To do: Quote all of the data exactly as given. Skip every picture it contains.

Captioned web images

· · ·

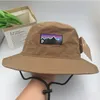 Mens Sports Style Designer Bucket Hat Par Cap Outdoor Vacation Travel Sun Protection Letter Brodery Casquette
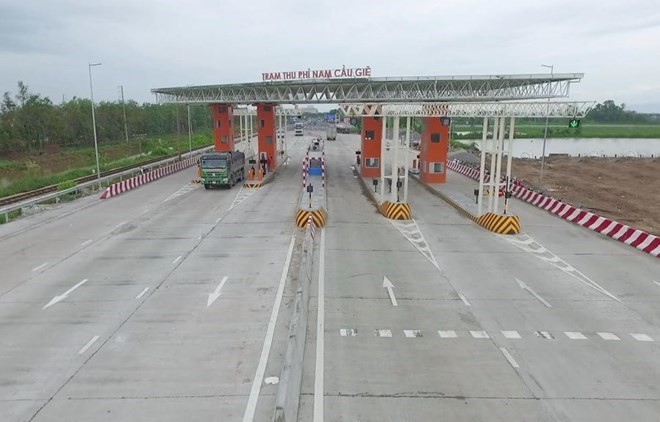 Nam Cau Gie toll collection area as part of the No 1 national highway BOT project (Photo: FECON)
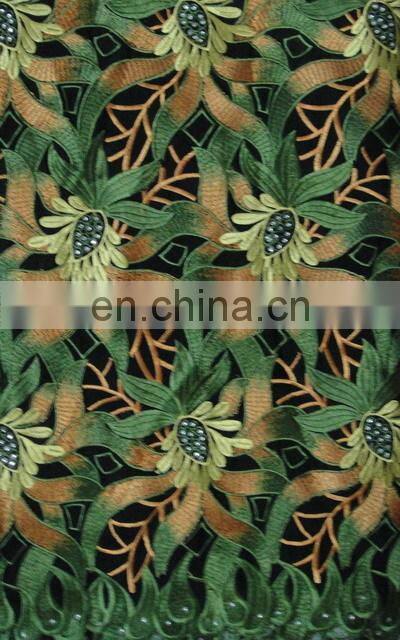 2015 New Fashion African Hand Cut Lace Fabric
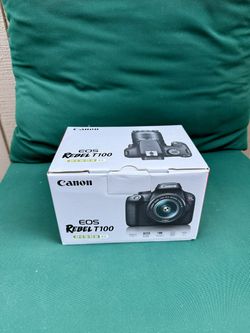 Canon EOS Rebel T100 DSLR Camera Kit 18-55mm Lens 32GB SD Card Tested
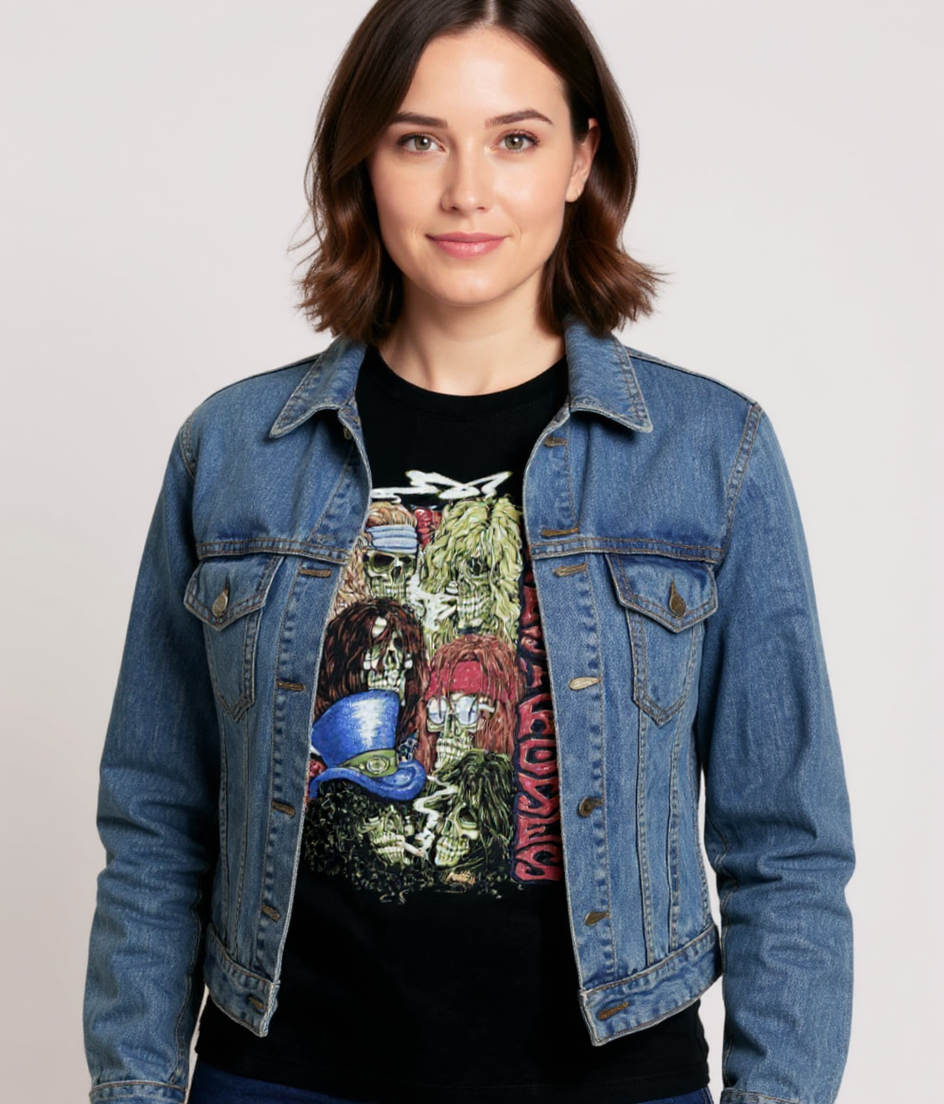 T-shirt crânes vintage Guns 'N' Roses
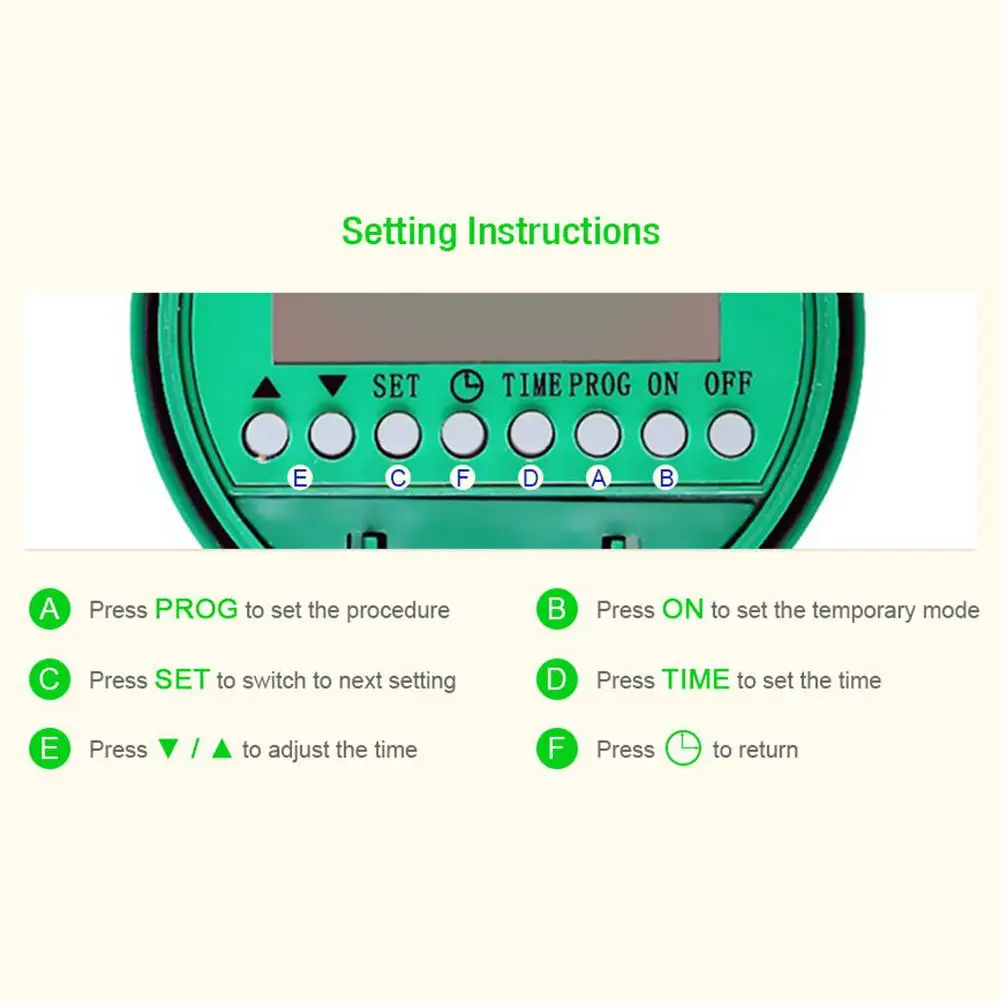 Сад ЖК-дисплей автоматического полива электронный таймер для полива сада разбрызгиватель домашнего цифровой разведки полива контроллеры Системы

· · ·

Result of the task:
 Mens Sports Style Designer Bucket Hat Par Cap Outdoor Vacation Travel Sun Protection Letter Brodery Casquette
 Nam Cau Gie toll collection area as part of the No 1 national highway BOT project (Photo: FECON)
 2015 New Fashion African Hand Cut Lace Fabric
 Canon EOS Rebel T100 DSLR Camera Kit 18-55mm Lens 32GB SD Card Tested
 T-shirt crânes vintage Guns 'N' Roses
 Сад ЖК-дисплей автоматического полива электронный таймер для полива сада разбрызгиватель домашнего цифровой разведки полива контроллеры Системы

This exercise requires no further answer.